In some wireless communications systems (e.g., the wireless communications system 100), infrastructure and spectral resources for radio access may support wireless backhaul link capabilities to supplement wired backhaul connections, providing an IAB network architecture (e.g., to a core network 130). In some cases, in an IAB network, one or more of the network entities 105 (e.g., network entities 105 or IAB node(s) 104) may be partially controlled by each other. The IAB node(s) 104 may be referred to as a donor entity or an IAB donor. A DU 165 or an RU 170 may be partially controlled by a CU 160 associated with a network entity 105 or base station 140 (such as a donor network entity or a donor base station). The one or more donor entities (e.g., IAB donors) may be in communication with one or more additional devices (e.g., IAB node(s) 104) via supported access and backhaul links (e.g., backhaul communication link(s) 120). IAB node(s) 104 may include an IAB mobile termination (IAB-MT) controlled (e.g., scheduled) by one or more DUs (e.g., DUs 165) of a coupled IAB donor. An IAB-MT may be equipped with an independent set of antennas for relay of communications with UEs 115 or may share the same antennas (e.g., of an RU 170) of IAB node(s) 104 used for access via the DU 165 of the IAB node(s) 104 (e.g., referred to as virtual IAB-MT (vIAB-MT)). In some examples, the IAB node(s) 104 may include one or more DUs (e.g., DUs 165) that support communication links with additional entities (e.g., IAB node(s) 104, UEs 115) within the relay chain or configuration of the access network (e.g., downstream). In such cases, one or more components of the disaggregated RAN architecture (e.g., the IAB node(s) 104 or components of the IAB node(s) 104) may be configured to operate according to the techniques described herein.

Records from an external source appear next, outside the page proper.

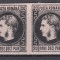ROMANIA 1867 LP 20 c REGELE CAROL I CU FAVORITI 20 PARALE HARTIE SUBTIRE NEGRU/HARTIE ROZ PERECHE ORIZONTALA LIPSA GUMA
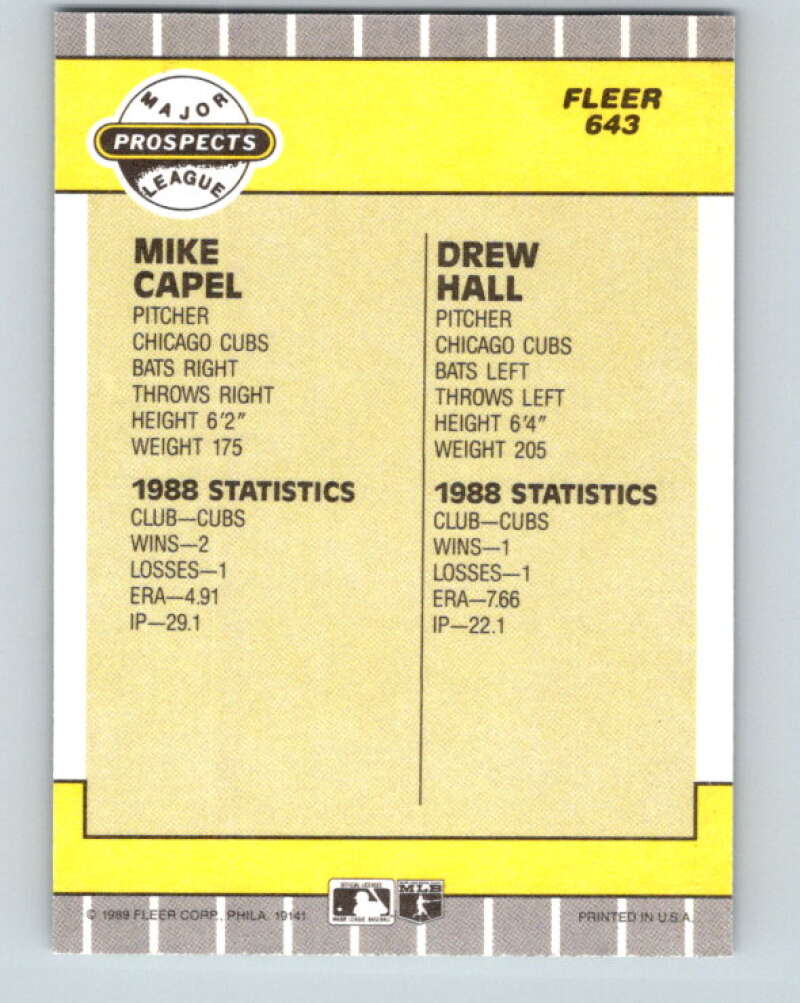 1989 Fleer #643 Mike Capel/Drew Hall Prospects Mint Chicago Cubs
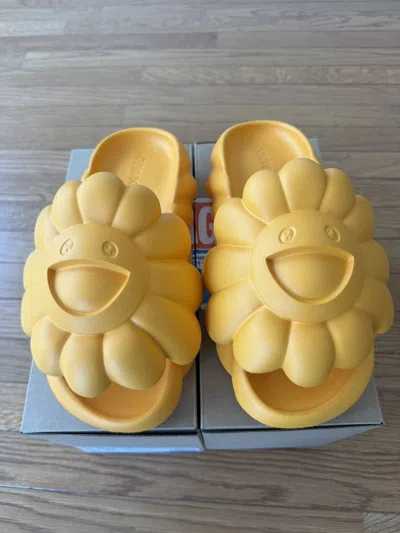 Pre-owned Takashi Murakami Slides Size 9- Apricot () In Orange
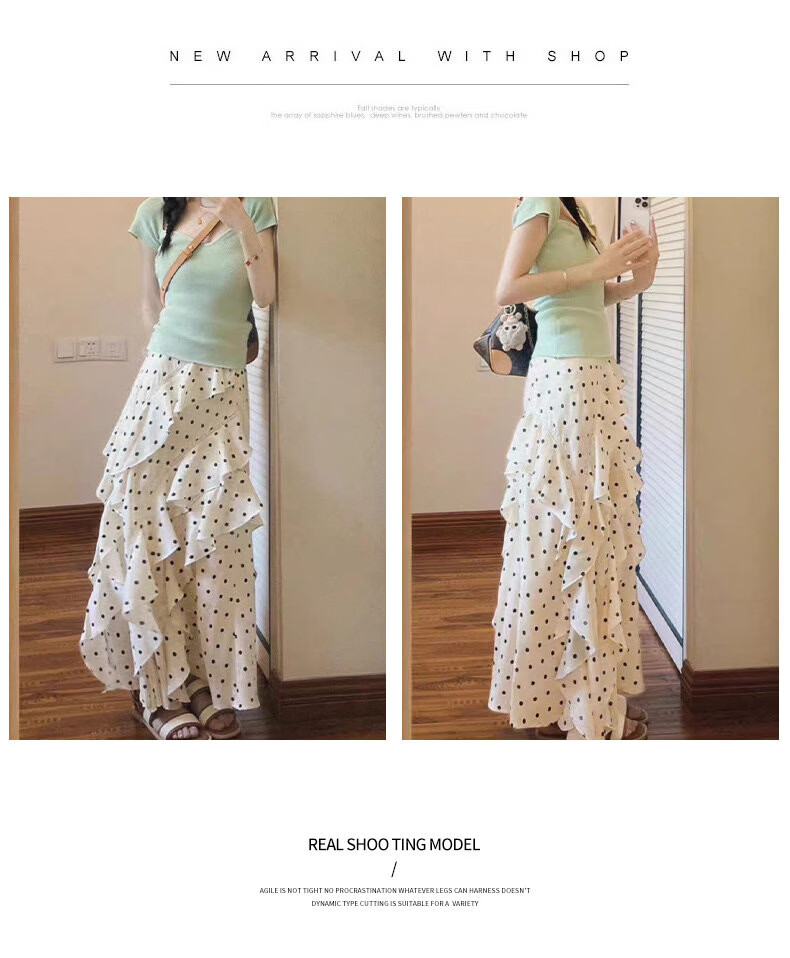 Langsha Polka Dot Women's Skirt 2026 New Ruffle Hem High Waist Slim A-Line White Irregular Skirt 16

For instance, an access network (AN) or RAN may include communications between access nodes (e.g., an IAB donor), IAB node(s) 104, and one or more UEs 115. The IAB donor may facilitate connection between the core network 130 and the AN (e.g., via a wired or wireless connection to the core network 130). That is, an IAB donor may refer to a RAN node with a wired or wireless connection to the core network 130. The IAB donor may include one or more of a CU 160, a DU 165, and an RU 170, in which case the CU 160 may communicate with the core network 130 via an interface (e.g., a backhaul link). The IAB donor and IAB node(s) 104 may communicate via an F1 interface according to a protocol that defines signaling messages (e.g., an F1 AP protocol). Additionally, or alternatively, the CU 160 may communicate with the core network 130 via an interface, which may be an example of a portion of a backhaul link, and may communicate with other CUs (e.g., including a CU 160 associated with an alternative IAB donor) via an Xn-C interface, which may be an example of another portion of a backhaul link.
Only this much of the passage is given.